В нормальном обществе карнавалу отведено строго определенное место. Нет и не может быть уравнивания всей праздничной стихии со стихией карнавального праздника. В России – что ни праздник, то карнавал. Но даже в карнавале есть хоть какие-то смыслы. Чтобы выворачивать смыслы наизнанку, надо их иметь. Российская праздничность вообще не оперирует смыслами. Суть ее – даже не выморочный обряд, а пьянка, чревоугодие, разврат… Либо – отбывание номера.
Для праздника создается символическое пространство. И в это пространство приходит Смысл. Праздник и есть встреча со Смыслом. Встречаясь с ним, обретая его в себе самом, человек прозревает. В высшем смысле этого слова. Прозрев же, он может увидеть свой Алеф, свою метафизическую точку трансформации, точку сборки.
Фильм "Белорусский вокзал" – символически чудовищен. Это самопризнание – признание в самоисчерпании. Герои не могут выйти на собственный смысл. Они не знают, что с этим смыслом делать. Но во всем саморазоблачении (и авторском, режиссерском, и исполнительском) еще размещено атавистическое ощущение обязательности смыслов и праздников. И потому – в финале нужно показать Войну и Победу. Мол, мы вне смыслов, но они где-то блуждают, путешествуют в отчужденно изгнанном состоянии.
Да что "Белорусский вокзал"! Целая серия фильмов лучшего качества – "Июльский дождь", "Застава Ильича" и т.п. – должны были иметь этот обязательный атавистический орган праздника Войны и Победы.

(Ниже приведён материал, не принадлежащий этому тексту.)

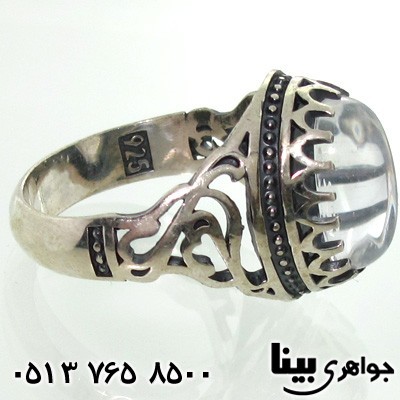 انگشتر عقیق سفید در نجف طرح حماسه مردانه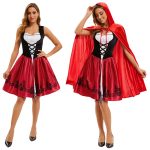 Amazon Bestselling Children's Story Little Red Riding Hood Role-playing Cosplay Costume for Women Stage Performance Outfit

Внедрение всего этого в фильм происходило по пресловутому принципу "бога из машины". Идет-идет абсолютно безблагодатная, беспраздничная и бесправедная жизнь, а потом к этому пришивается праздник и благодать.

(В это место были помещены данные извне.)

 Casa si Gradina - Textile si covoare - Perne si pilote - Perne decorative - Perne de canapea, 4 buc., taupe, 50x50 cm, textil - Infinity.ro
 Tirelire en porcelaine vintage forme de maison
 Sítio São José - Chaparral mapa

Пришивается грубо, белыми нитками, но ведь пришивается. А зачем? Только из цензурных соображений? Отнюдь! Просто человек той эпохи подобным образом сшивал себя со смыслом. Смысл был уже отделен, оторван, локализован и ампутирован. И, по большому счету, было уже непонятно, зачем он нужен и что с ним делать. Но чтобы его просто не было?! Извините! Приличия не позволяли! И потому смысл брался извне и пришивался в виде заплаты. Очень грубо и нарочито. Бессмысленно – как пришиваются заплаты на трико Арлекина.
Только такая сшивка смысла и бытия позволяла в дальнейшем оторвать одно от другого. Смысл и отрывали, как заплаты от трико. И "высший кайф" был гулять в этом костюме, где вместо заплат – прорехи.

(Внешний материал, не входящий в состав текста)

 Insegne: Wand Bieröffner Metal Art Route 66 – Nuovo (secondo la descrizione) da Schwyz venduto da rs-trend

Но прореха – штука сложная. Она существует только до тех пор, пока есть память о трико и о том, что заплату оторвали и вместо нее – прореха. Когда исчезает "вместо нее" – что такое прореха? Банальная дырка! И в чем тогда комильфо? А в том, чтобы оставшуюся часть трико изгваздать новыми заплатами, а затем создать новые прорехи на месте этих заплат. Так трико превращается постепенно в "вездеразрывную" ткань квазисмысла. В "тонкодырчатую" сеть, в которую укутана Нагота.